Practical Advice for Server Owners
Given everything above, here is what makes sense right now.
Do not stop building. FiveM is at its peak. 200,000+ concurrent players, Steam integration, and a GTA V Enhanced update incoming. Servers that establish strong communities now will be in the best position regardless of what happens with GTA 6.
Invest in transferable skills. If ROME supports JavaScript, TypeScript, and Lua -- which the leaks suggest -- then the scripting skills you are building today will transfer directly. Focus on writing clean, modular code that could be adapted to a new platform. Our FiveM scripting guide covers these fundamentals.
Build community, not just a server. Discord servers, content creators, and loyal player bases are platform-independent. When the transition to GTA 6 modding eventually happens, the server owners who survive will be the ones whose communities follow them, not the ones with the most complex script configurations.
Keep your framework modern. If you are still running heavily customized legacy ESX, consider migrating to QBCore or QBox. Modern frameworks are better documented, more actively maintained, and more likely to have community support for adapting to new platforms.
Watch for official announcements. Rockstar has historically been poor at communicating with the modding community, but the FiveM Steam launch and alt:V shutdown suggest they are becoming more active. Follow the Cfx.re forums and Rockstar Newswire for official updates.
Diversify your revenue. If your server generates income through Tebex or donations, ensure you are not entirely dependent on a single platform. Build email lists, maintain a website, and develop relationships with your most engaged players.
The Bottom Line
Project ROME, if it exists as described, will eventually reshape GTA modding. That is not speculation -- it is the logical conclusion of Rockstar acquiring Cfx.re, shutting down alt:V, putting FiveM on Steam, and preparing to launch the most anticipated game in history with built-in creator tools.
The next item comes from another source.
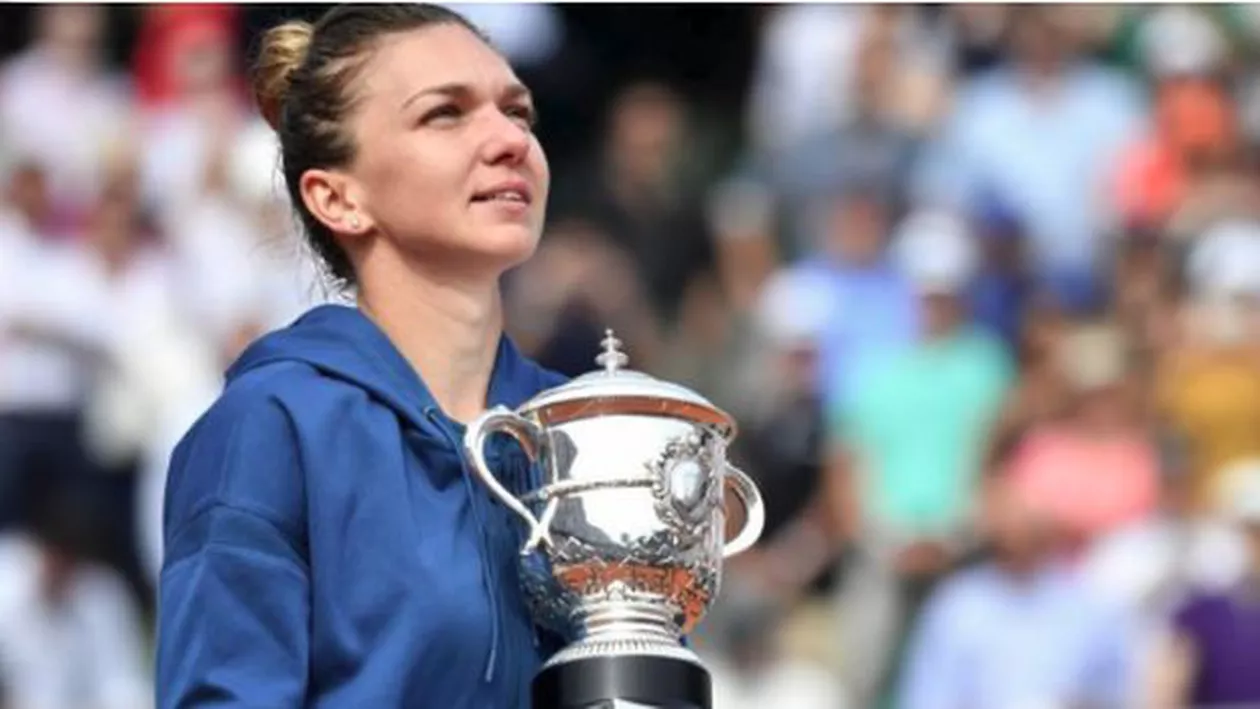 Simona Halep a făcut Parisul tărâm românesc: Imagini emoţionante cu Imnul României cântat la unison pe arena centrală de la Roland Garros (VIDEO)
But "eventually" is doing a lot of heavy lifting in that sentence. ROME has not been officially announced. GTA 6 launches on consoles first. The PC version could be months behind. And even when ROME does arrive, the first iteration will almost certainly lack the depth and flexibility that FiveM has built over more than a decade.
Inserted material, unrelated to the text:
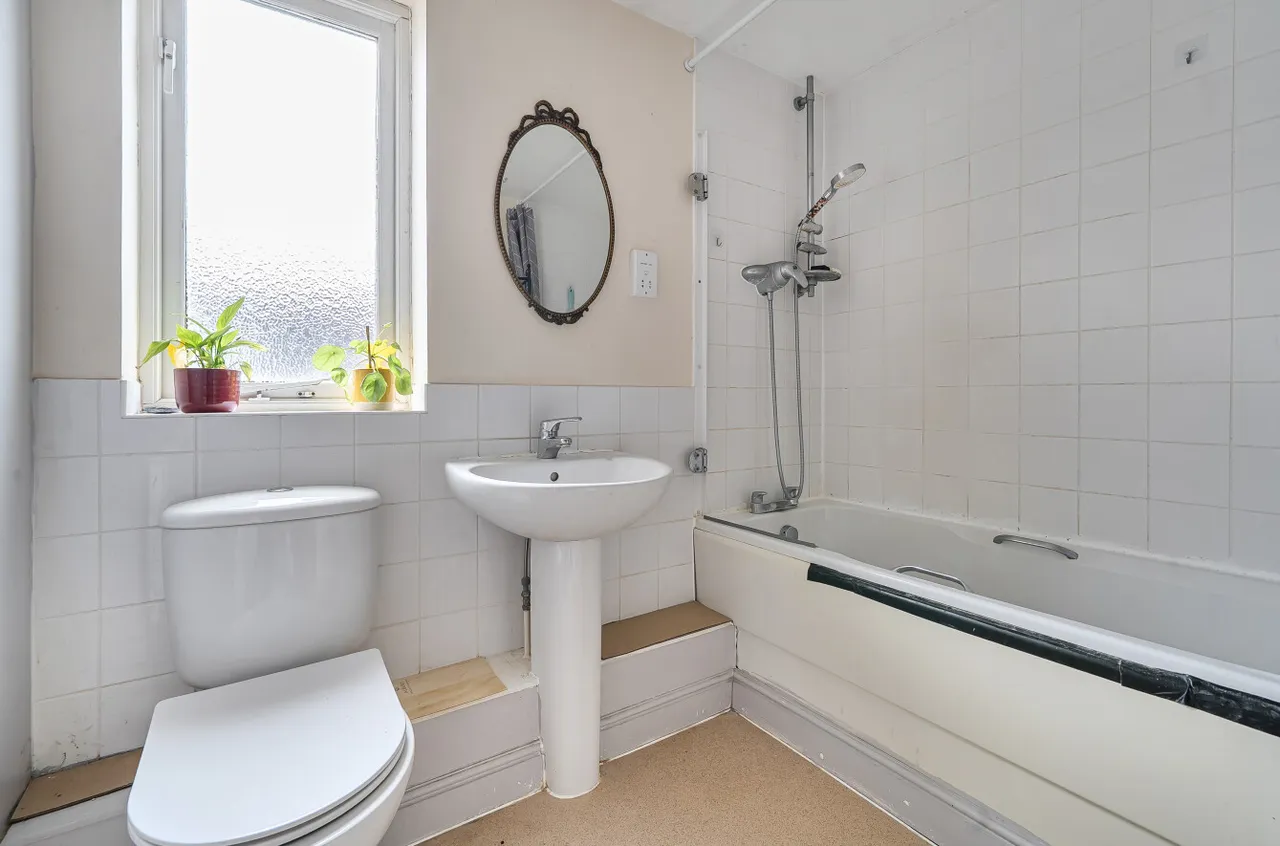 Chandlers Close, West Molesey, KT8, photo 5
The servers running today are not legacy infrastructure waiting to be replaced. They are the proving ground for an entirely new category of gaming. The skills, communities, and creative work being produced in the FiveM ecosystem right now are exactly what Rockstar is trying to capture with Project ROME.
The smartest move is to keep building, stay informed, and be ready to adapt. The future of GTA modding has never looked more interesting -- or more uncertain.
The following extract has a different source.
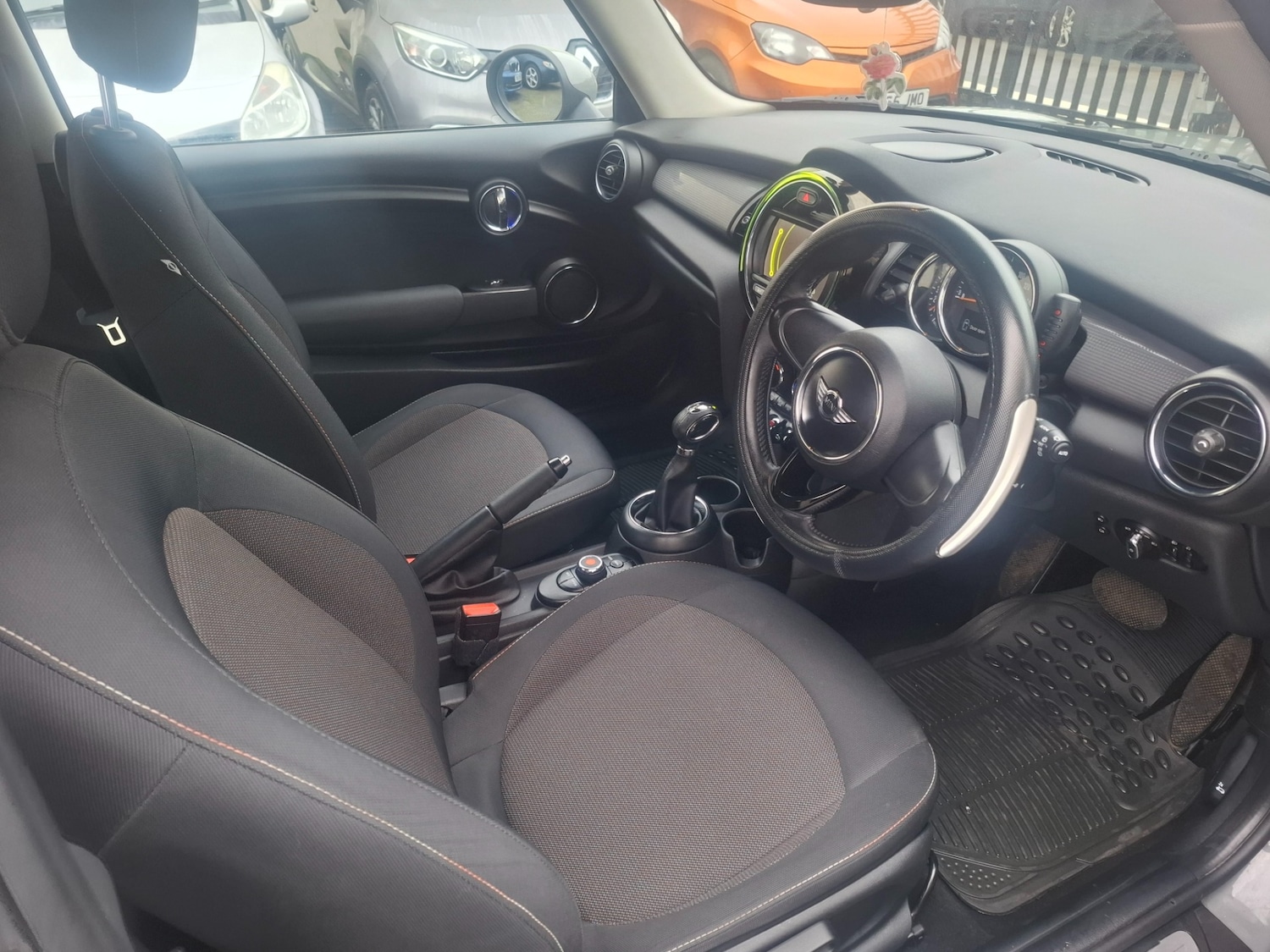 Used MINI Hatch 2015 for sale - 77208000: Photo 7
Frequently Asked Questions
Will FiveM still work after GTA 6 launches?
Yes, FiveM will continue to work for GTA V. Rockstar has not announced plans to shut down FiveM. However, Project ROME is expected to be the official modding platform for GTA 6, which may gradually shift the community's focus.
What is Project ROME?
Project ROME (Rockstar Online Modding Engine) is Rockstar's rumored first-party modding and multiplayer platform built for GTA 6. It aims to provide official tools for creating custom servers, roleplay experiences, and user-generated content.
Should I still start a FiveM server in 2026?
Absolutely. FiveM just hit 200,000+ concurrent players on Steam and remains the dominant GTA RP platform. With GTA 6 not launching until Fall 2026 and Project ROME's timeline uncertain, FiveM will remain the go-to platform for GTA RP throughout 2026 and likely beyond.
What happened to alt:V?
alt:V announced it will shut down by July 6, 2026, following pressure from Rockstar and Take-Two. FiveM is now the only authorized multiplayer modification platform for GTA V.